# Acer TimelineX AS5820T-7683 laptop



## Mike_WI (Feb 26, 2009)

What do you think of this laptop...

*Acer TimelineX AS5820T-7683 laptop*
$600 at Amazon (from $700 MSRP)

*Product Features*
State-of-the-art component engineering guarantees higher power efficiency
The Acer Aspire TimelineX AS5820T with its 15.6" LED display is less than one-inch, at its thinnest point, and lightweight

A cinematic 15.6" widescreen LED-backlit display features 16:9 HD True Cinematic View for enriched multimedia playback

Windows 7 Home Premium makes the things you do every day easier and with Office Starter 2010, experience new ways to deliver your best work!
Smart controls and intuitive keys like the Easy-launch P Key and Media Controls, let you open often used programs and control your media with a touch.

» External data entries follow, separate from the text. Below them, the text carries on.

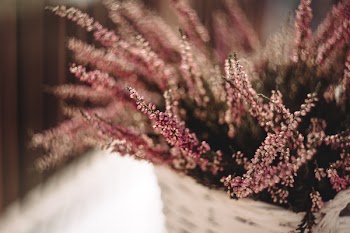 Heather in a pot 2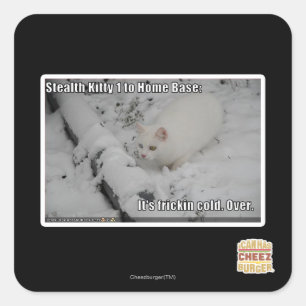 Sticker Carré Stealth Kitty 1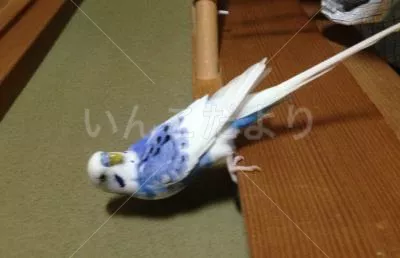 保護鳥の写真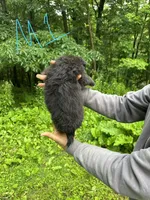 M1, a male Border Collie and Miniature Australian Shepherd for sale in Cattaraugus, NY – 2 of 2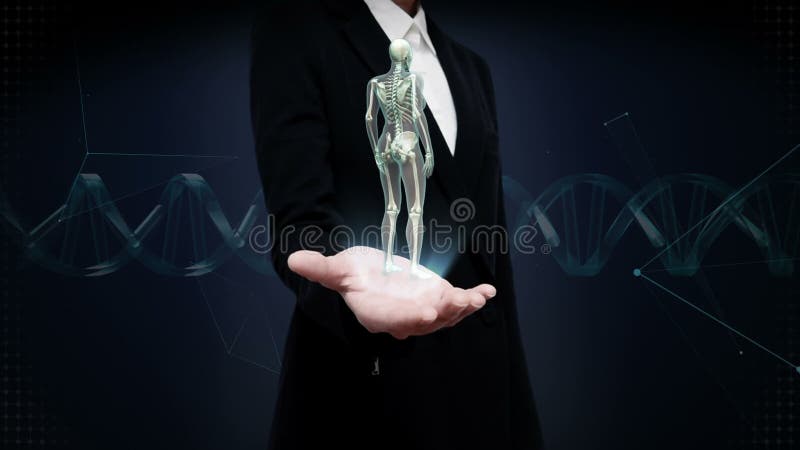 Bizneswoman otwarta palma, Płodozmienna Żeńska Ludzka kośćcowa struktura, kość system, Błękitny promieniowania rentgenowskiego św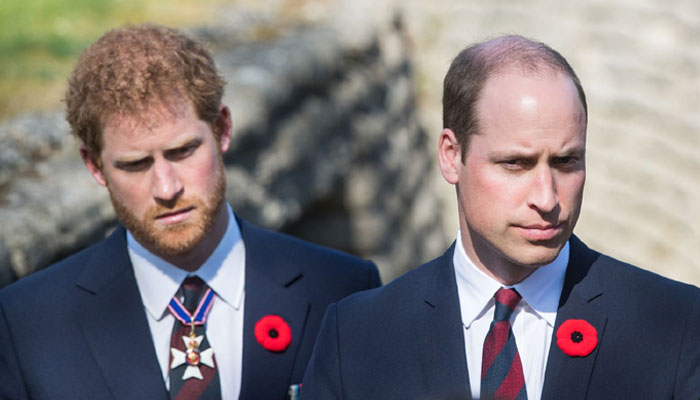 Prince William’s true feelings over Harry’s Christmas absence disclosed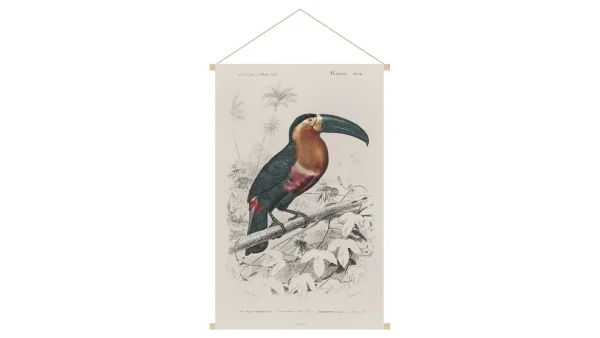 Kakemono Toucan L40 X L60 Cm TOUCAN ﻿soldes 1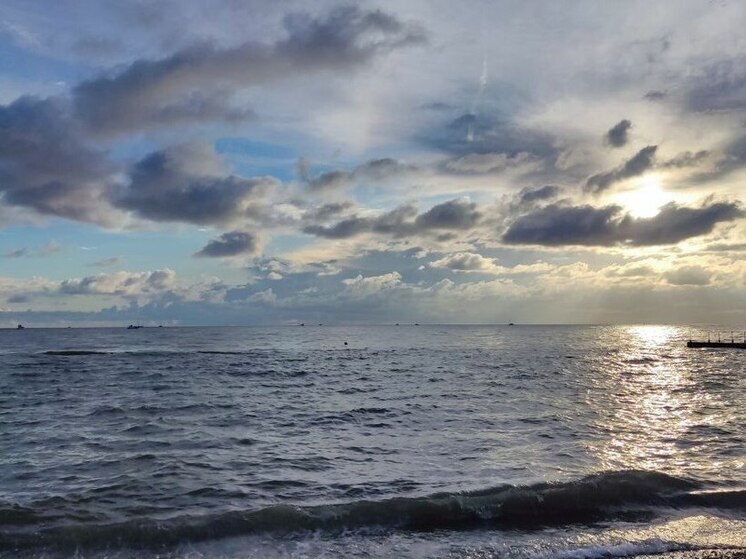 Северный бассейн нарастил экспорт живого краба в Азию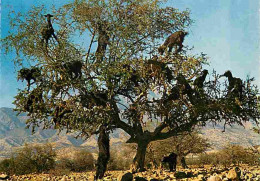 Maroc - Chèvres Dans Les Arganiers - Carte Neuve - CPM - Voir Scans Recto-Verso - Autres & Non Classés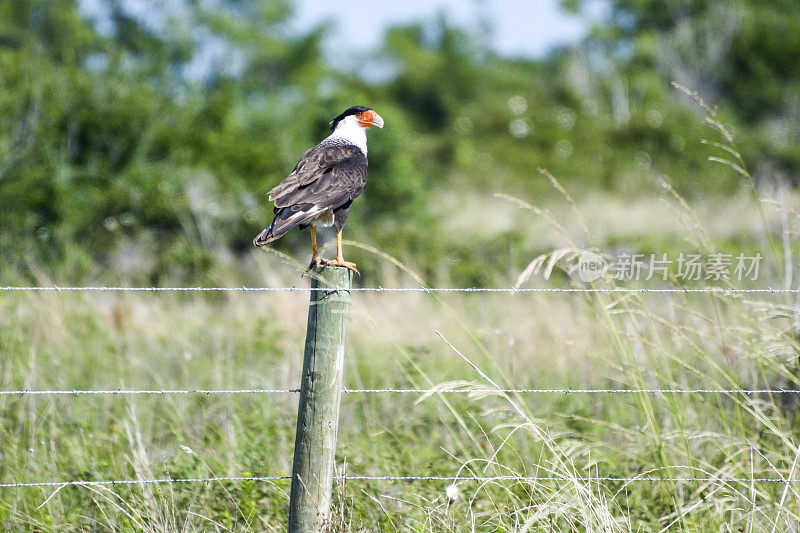 彩色的墨西哥鹰或卡拉卡拉鸟栖息在篱笆柱上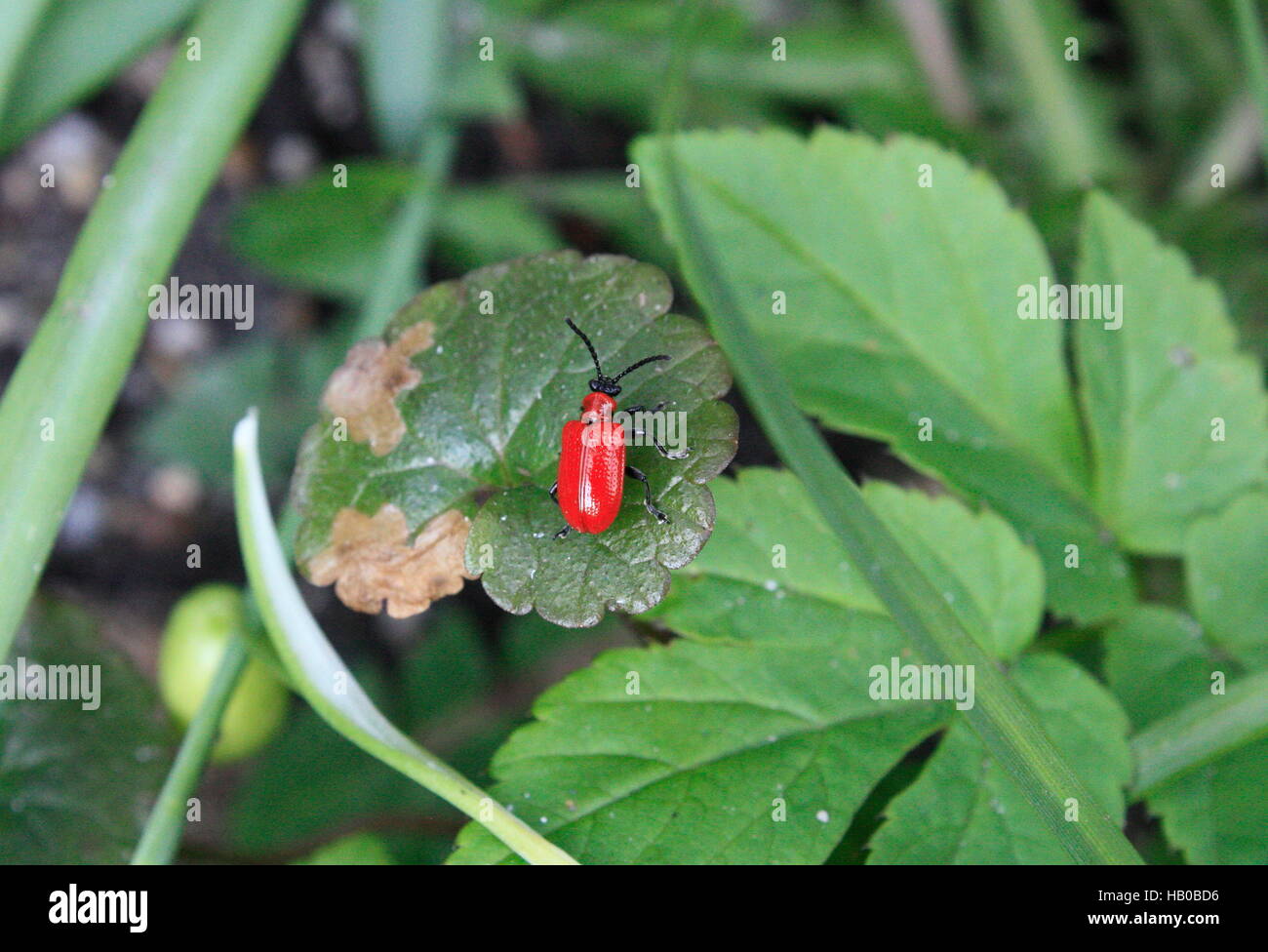 Tulips eater, red beetle in the open Stock Photo
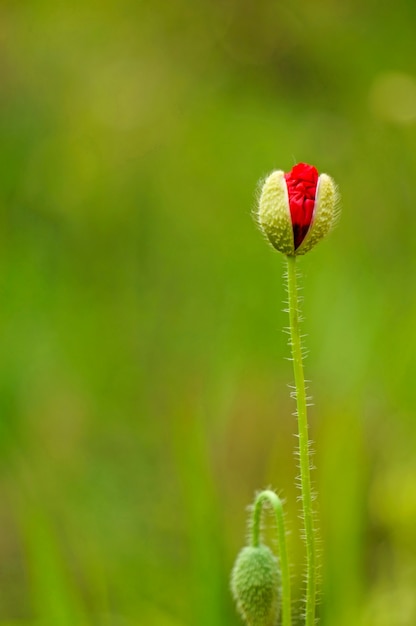 Free Photo red flower qith blur background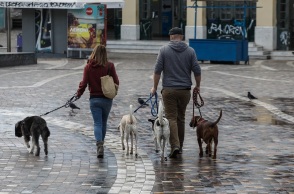 Ζώα συντροφιάς: Βόλτα στο κέντρο της Αθήνας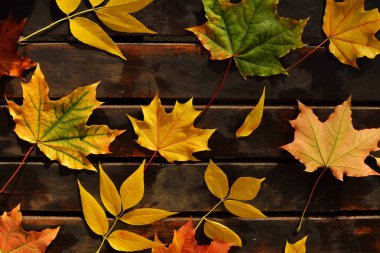 ahşap bir arka plan üzerinde renkli açık saçık güzel sonbahar (akçaağaç, meşe, kestane, üzüm, ceviz gibi) yaprakları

*Processor, Memory, and Motherboard*
Hardware Platform: PC
Processor: 2.4 GHz Intel Core i3
Number of Processors: 1
RAM: 4 GB
RAM Type: SDRAM
Hard Drive
Size: 320 GB
Type: ATA100
Speed: 5400 rpm
Graphics and Display
Graphics RAM: 128 MB
Ports and Connectivity
USB Ports: 4
Cases and Expandability
Size (LWH): 9.84 inches, 14.96 inches, 1.4 inches
Weight: 5.4 pounds
Power
Rated Charge (normal use): 8 hours


----------



## cburbs (Mar 27, 2007)

Spec wise looks good but I don't like the layout of the keyboard and touchpad...personal preference.


----------



## Mike_WI (Feb 26, 2009)

cburbs said:


> Spec wise looks good but I don't like the layout of the keyboard and touchpad...personal preference.


cburbs -
I hand't noticed that non-symmetry initially. 
Good point.

Mike


----------



## Mike_WI (Feb 26, 2009)

Anyone else?
Other options?

Mike


----------



## cburbs (Mar 27, 2007)

What price range?

Any particular spec(s) you are looking for?


----------



## Mike_WI (Feb 26, 2009)

cburbs said:


> What price range?
> 
> Any particular spec(s) you are looking for?


Ha.
Your reasonable questions have stymied me (momentarily).


Probably <$1000, lightweight, good battery, decent processing and screen size.

This will mainly be a secondary/tertiary computer used for surfing the web at home while watching the nth iteration of kids movies or while at meetings for work.

My current work computer (a HP compaq I think) doesn't have much memory and has a bunch of work software on it that slows it down.

Mike


----------



## cburbs (Mar 27, 2007)

Does screen size/weight matter?


----------



## Mike_WI (Feb 26, 2009)

cburbs said:


> Does screen size/weight matter?


I think my current laptop is ~15" screen, so I think that is about right.
Lighter is nicer, but doesn't need to be a featherweight.

Mike


----------



## Ray3 (Feb 4, 2008)

Acer has a pretty good price/value relationship. I am typing this on an 1810 TZ and I have been very pleased with it over the last year.


----------



## Mike_WI (Feb 26, 2009)

Mike_TX said:


> What do you think of this laptop...
> 
> *Acer TimelineX AS5820T-7683 laptop*
> $600 at Amazon (from $700 MSRP)
> ...


The price on this has just been going up on Amazon.
What's up?

Mike


----------